> EXERCISE OBJECTIVE:
Restate word for word the lines below, from the one containing "GS yuasa ECO.R (Q85) (95D23L) EFB" through the final line, with no pictures included.

[Caption-style text data]

****************************************

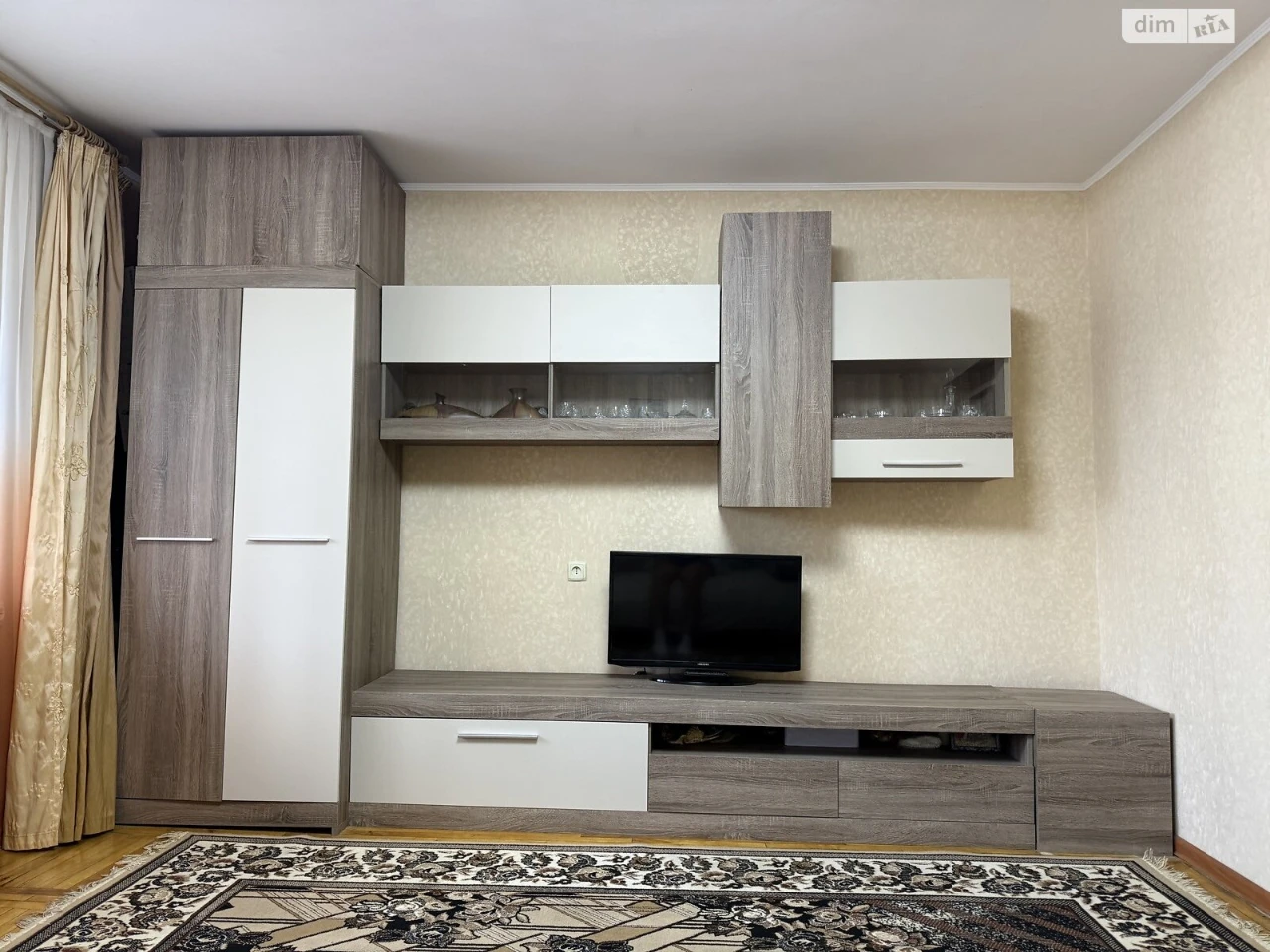 Продаж Квартира Вишенька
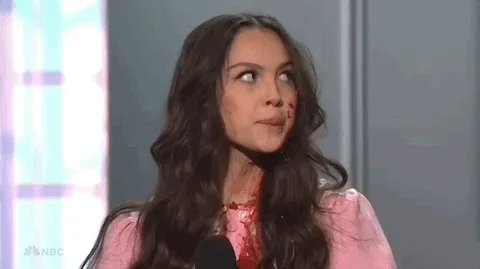 olivia rodrigo musica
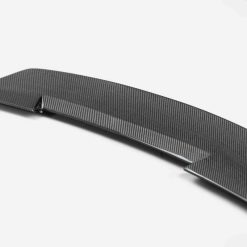 Seibon 2021 Lexus IS300/IS350 F Sport - TT Style Carbon Fiber Rear Spoiler - Image 3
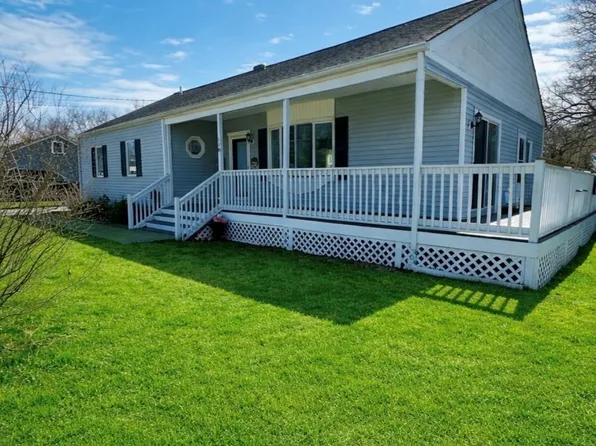 118 Dolphin Ave, Northfield, NJ 08225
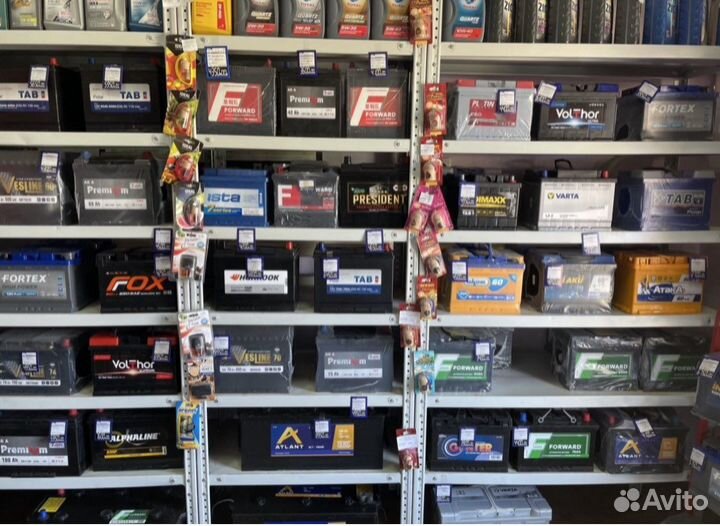 GS yuasa ECO.R (Q85) (95D23L) EFB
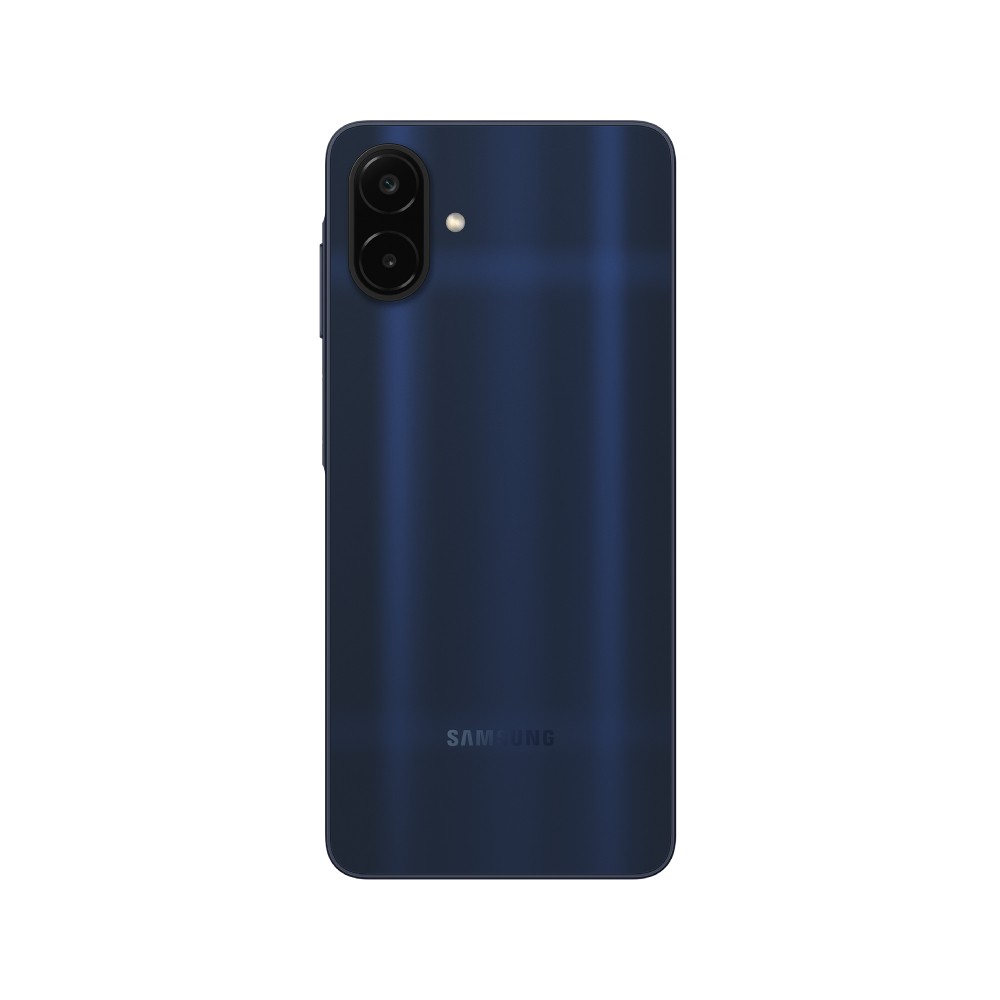 สมาร์ทโฟน Samsung Galaxy A08 (4+64GB) Dark Blue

****************************************

> SOLUTION FOR THIS EXERCISE:
 GS yuasa ECO.R (Q85) (95D23L) EFB
 สมาร์ทโฟน Samsung Galaxy A08 (4+64GB) Dark Blue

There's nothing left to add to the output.